Entries taken from a collection
☆ ☆ ☆ ☆

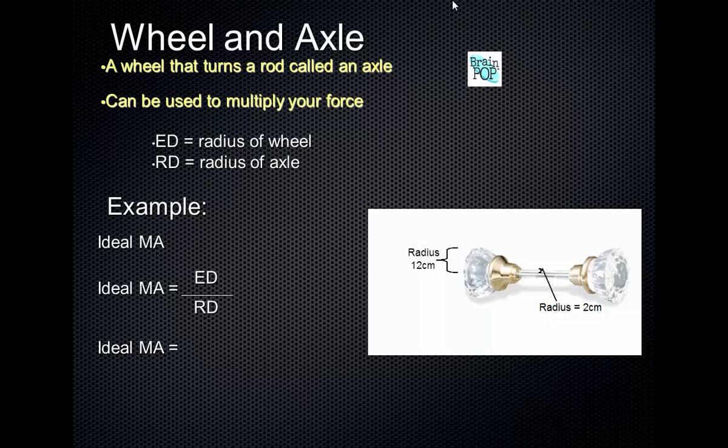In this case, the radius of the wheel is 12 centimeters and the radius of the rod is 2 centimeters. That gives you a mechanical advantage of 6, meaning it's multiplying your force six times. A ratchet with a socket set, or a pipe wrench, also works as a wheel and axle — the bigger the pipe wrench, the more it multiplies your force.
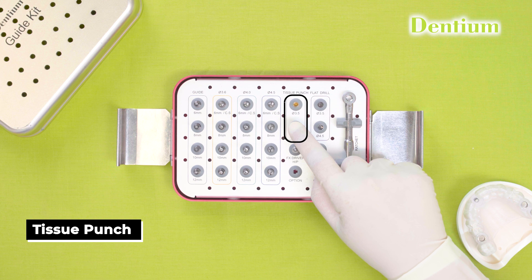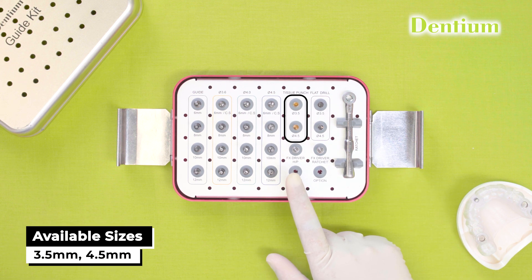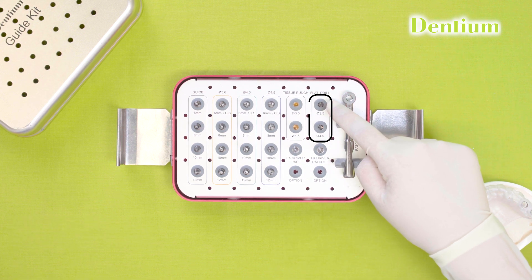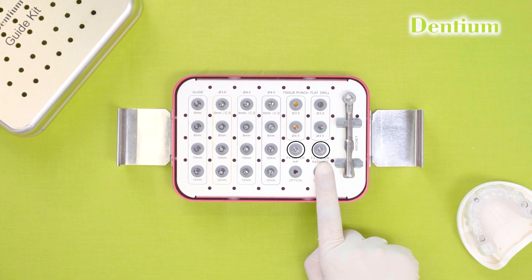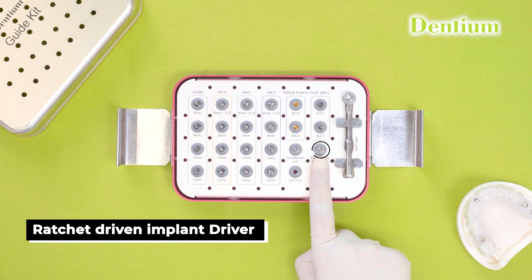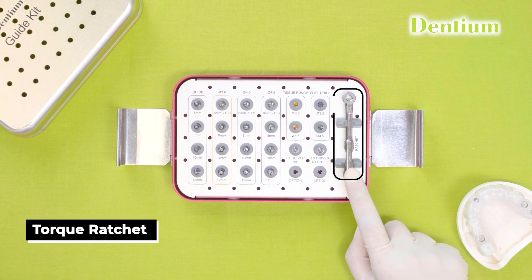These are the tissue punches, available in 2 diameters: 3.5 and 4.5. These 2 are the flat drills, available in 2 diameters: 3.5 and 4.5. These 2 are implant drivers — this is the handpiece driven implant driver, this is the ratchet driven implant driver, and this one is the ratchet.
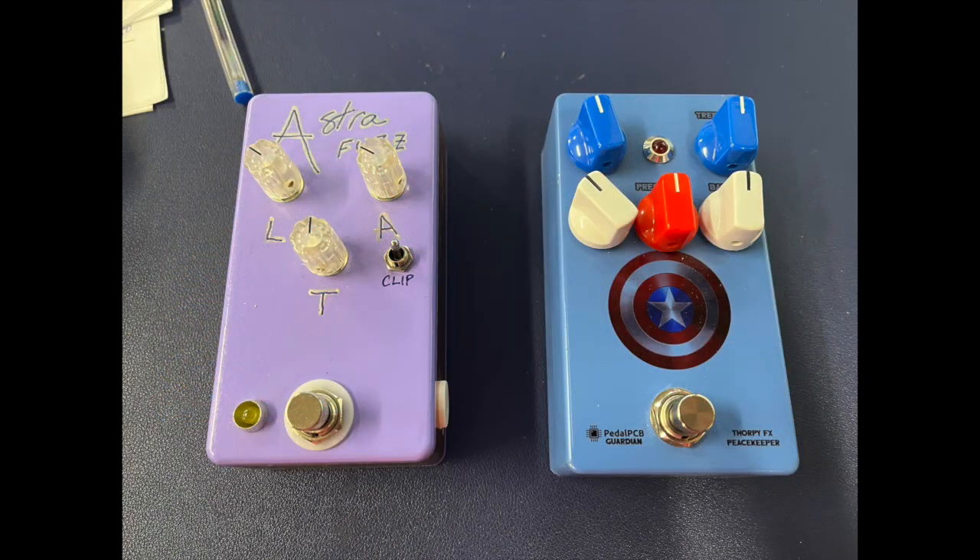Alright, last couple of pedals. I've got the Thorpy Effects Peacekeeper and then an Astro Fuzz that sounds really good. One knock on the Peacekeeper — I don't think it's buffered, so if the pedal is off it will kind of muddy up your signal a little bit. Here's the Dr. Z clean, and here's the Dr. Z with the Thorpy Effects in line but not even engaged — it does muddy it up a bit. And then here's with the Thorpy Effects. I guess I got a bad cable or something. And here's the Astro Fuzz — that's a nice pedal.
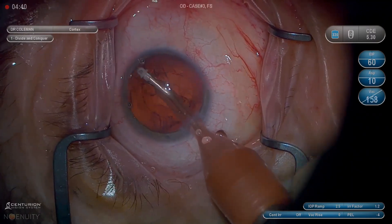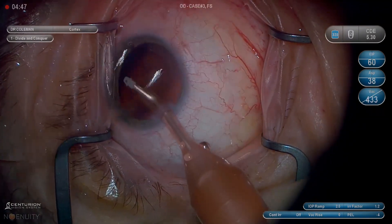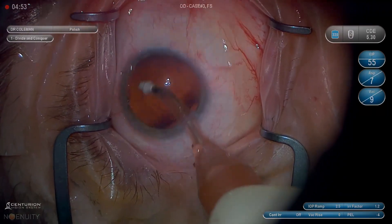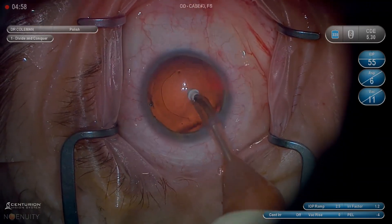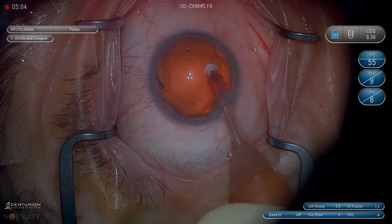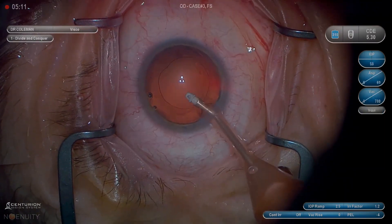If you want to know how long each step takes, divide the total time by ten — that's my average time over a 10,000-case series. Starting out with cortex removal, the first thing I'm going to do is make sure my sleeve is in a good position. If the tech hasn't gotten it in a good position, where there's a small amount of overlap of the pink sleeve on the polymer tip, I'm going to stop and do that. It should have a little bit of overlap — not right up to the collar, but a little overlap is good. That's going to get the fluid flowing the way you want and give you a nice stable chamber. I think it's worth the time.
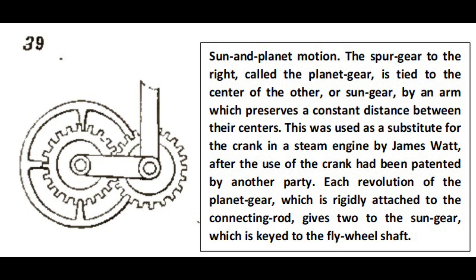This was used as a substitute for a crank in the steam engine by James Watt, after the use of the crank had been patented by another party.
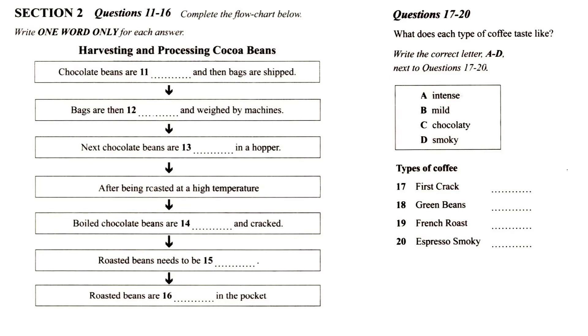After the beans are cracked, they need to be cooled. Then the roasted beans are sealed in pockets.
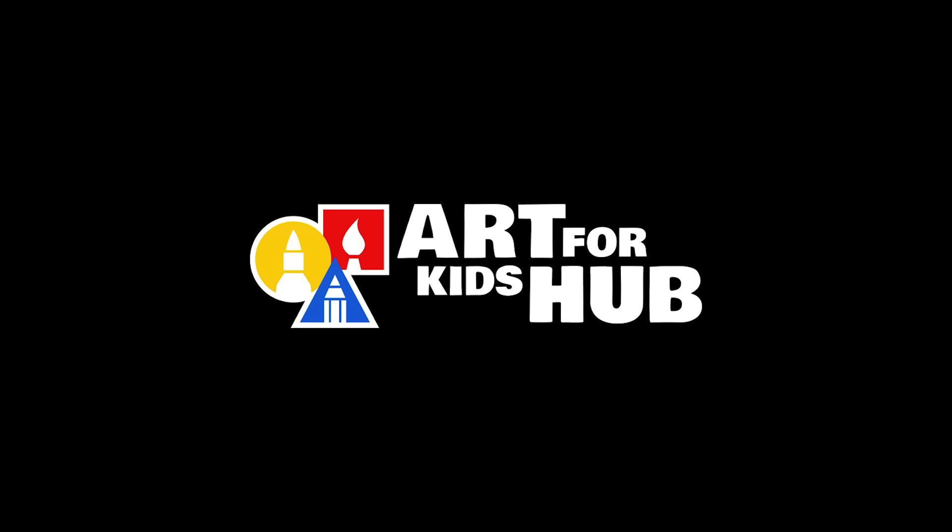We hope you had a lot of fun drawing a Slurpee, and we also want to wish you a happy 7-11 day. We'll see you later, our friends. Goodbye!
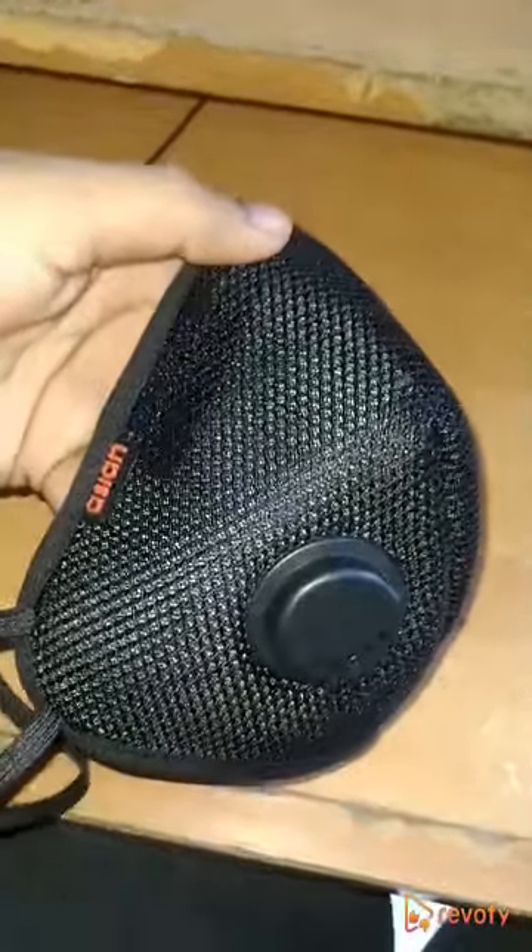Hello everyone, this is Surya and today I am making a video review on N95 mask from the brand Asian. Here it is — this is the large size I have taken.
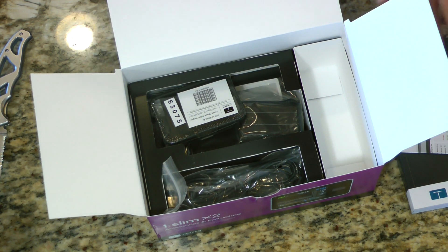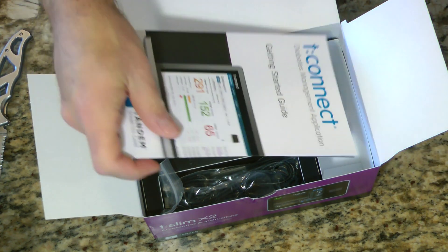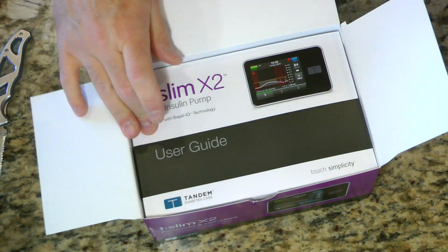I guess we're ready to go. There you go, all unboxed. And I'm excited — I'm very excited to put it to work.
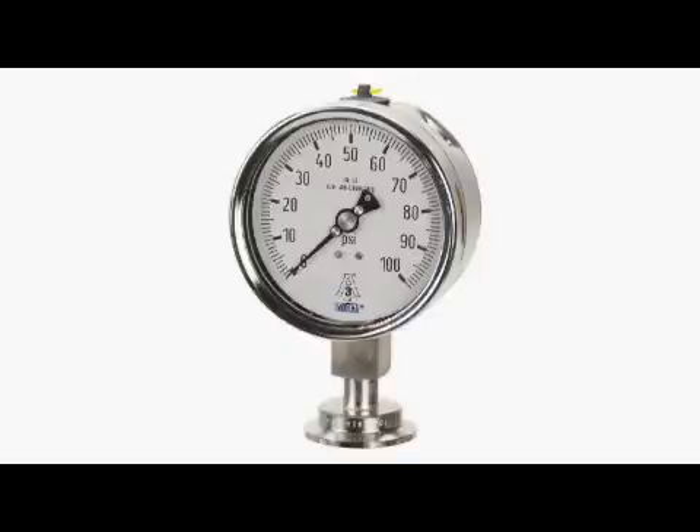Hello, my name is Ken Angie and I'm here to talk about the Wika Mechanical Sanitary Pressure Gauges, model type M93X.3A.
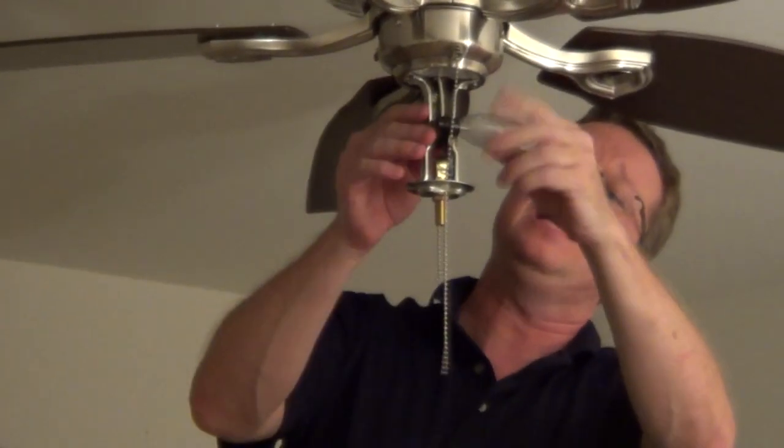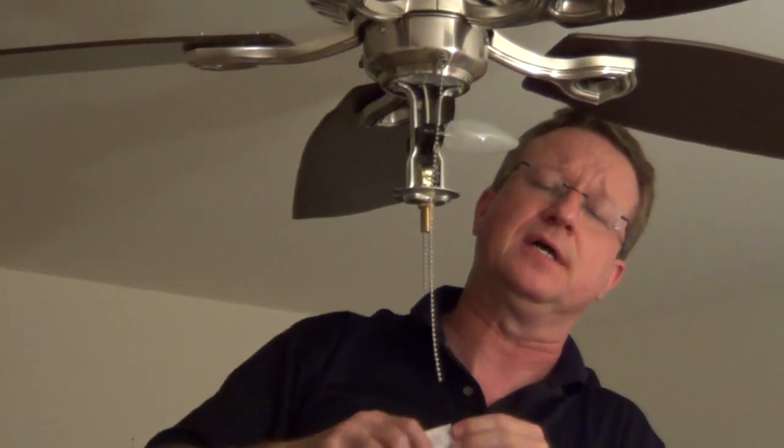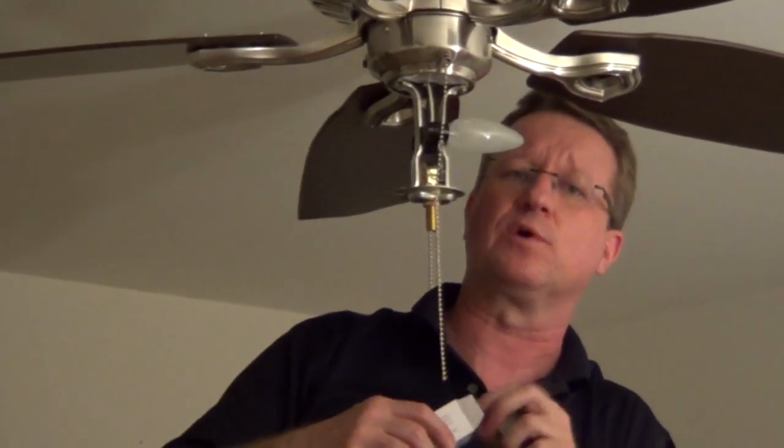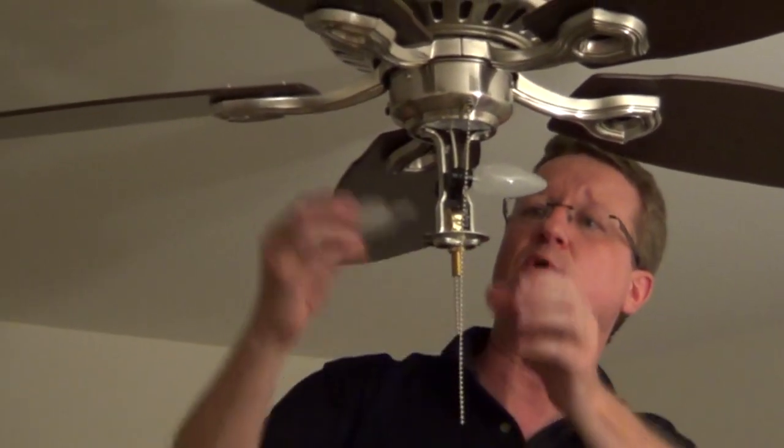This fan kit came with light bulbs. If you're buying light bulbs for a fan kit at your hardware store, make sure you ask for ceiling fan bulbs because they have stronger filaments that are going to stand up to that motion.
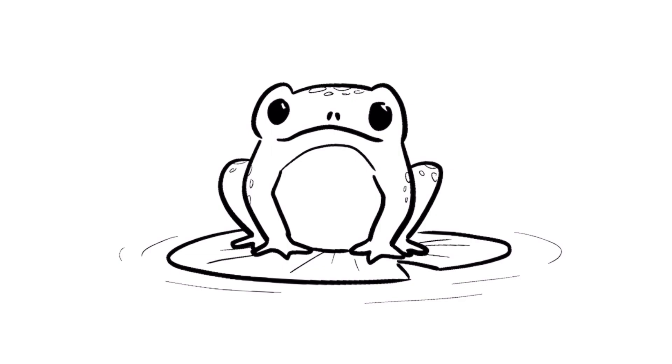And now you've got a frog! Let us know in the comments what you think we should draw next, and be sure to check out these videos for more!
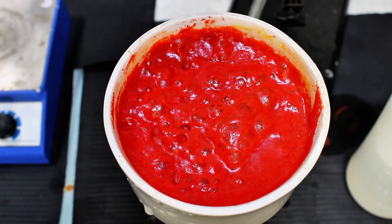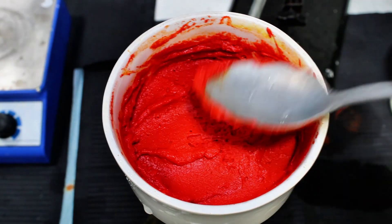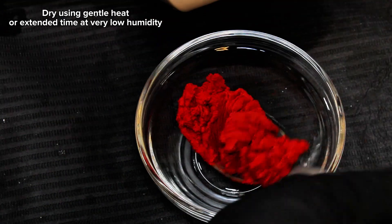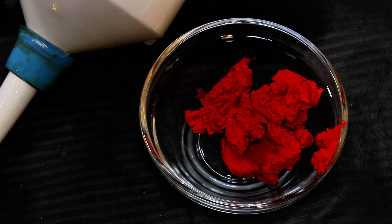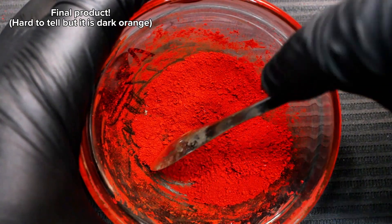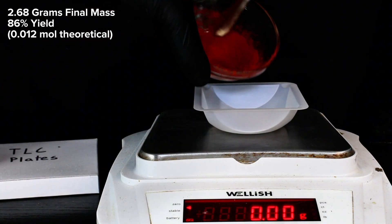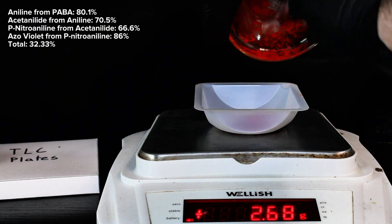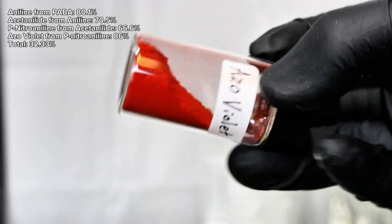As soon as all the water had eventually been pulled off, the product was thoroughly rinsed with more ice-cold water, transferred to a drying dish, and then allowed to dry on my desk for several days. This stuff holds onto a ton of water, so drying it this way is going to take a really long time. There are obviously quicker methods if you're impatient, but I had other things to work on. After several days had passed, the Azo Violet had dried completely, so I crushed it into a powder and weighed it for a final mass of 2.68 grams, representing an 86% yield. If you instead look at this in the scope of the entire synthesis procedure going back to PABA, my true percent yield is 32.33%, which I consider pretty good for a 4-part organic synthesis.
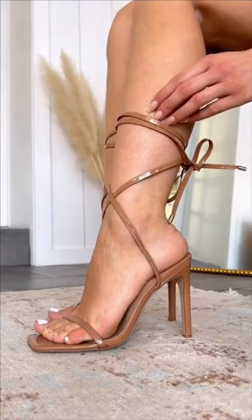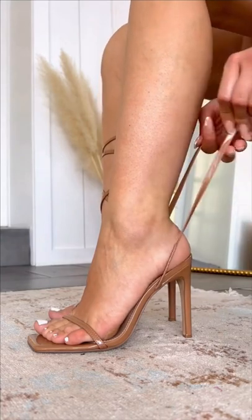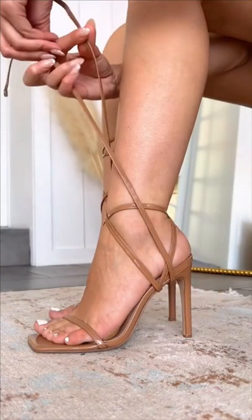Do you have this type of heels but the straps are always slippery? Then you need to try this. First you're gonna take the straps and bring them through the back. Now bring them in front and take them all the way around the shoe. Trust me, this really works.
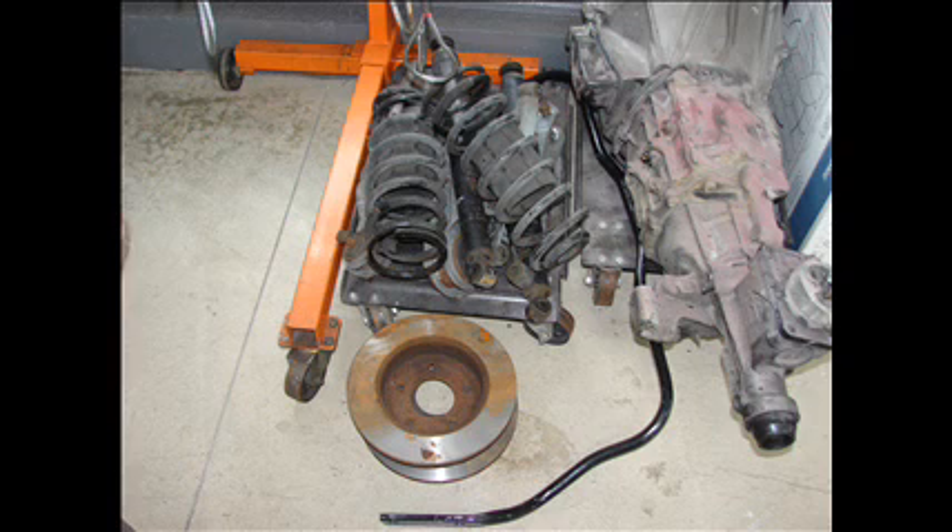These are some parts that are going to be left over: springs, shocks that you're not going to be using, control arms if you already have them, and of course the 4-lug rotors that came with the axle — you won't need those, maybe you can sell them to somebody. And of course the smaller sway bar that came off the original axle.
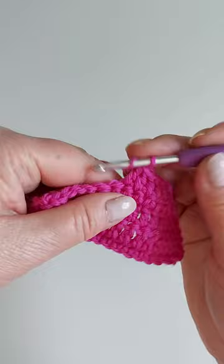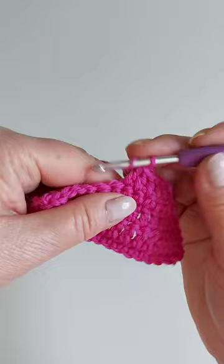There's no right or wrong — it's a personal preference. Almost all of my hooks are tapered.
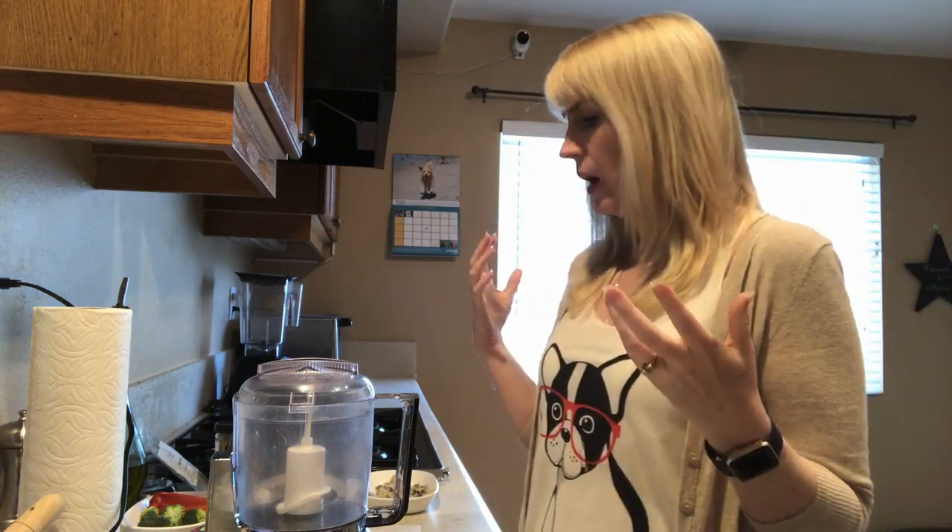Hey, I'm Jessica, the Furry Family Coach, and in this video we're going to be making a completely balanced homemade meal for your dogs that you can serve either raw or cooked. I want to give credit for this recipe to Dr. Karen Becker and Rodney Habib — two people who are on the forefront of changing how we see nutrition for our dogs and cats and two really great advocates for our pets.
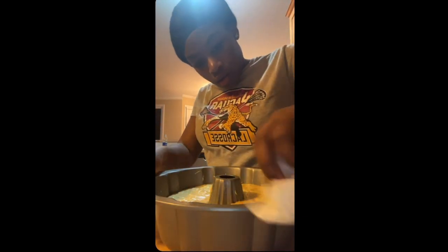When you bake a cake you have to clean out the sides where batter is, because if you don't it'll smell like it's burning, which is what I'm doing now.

☆ ☆ ☆ ☆

# Problem details
Each line from the first line of the records through the line containing "These are the" must be reproduced exactly, with both ends included and all pictures omitted; nothing else belongs in the answer.

# Solution to this task
In this case, the radius of the wheel is 12 centimeters and the radius of the rod is 2 centimeters. That gives you a mechanical advantage of 6, meaning it's multiplying your force six times. A ratchet with a socket set, or a pipe wrench, also works as a wheel and axle — the bigger the pipe wrench, the more it multiplies your force.
These are the tissue punches, available in 2 diameters: 3.5 and 4.5. These 2 are the flat drills, available in 2 diameters: 3.5 and 4.5. These 2 are implant drivers — this is the handpiece driven implant driver, this is the ratchet driven implant driver, and this one is the ratchet.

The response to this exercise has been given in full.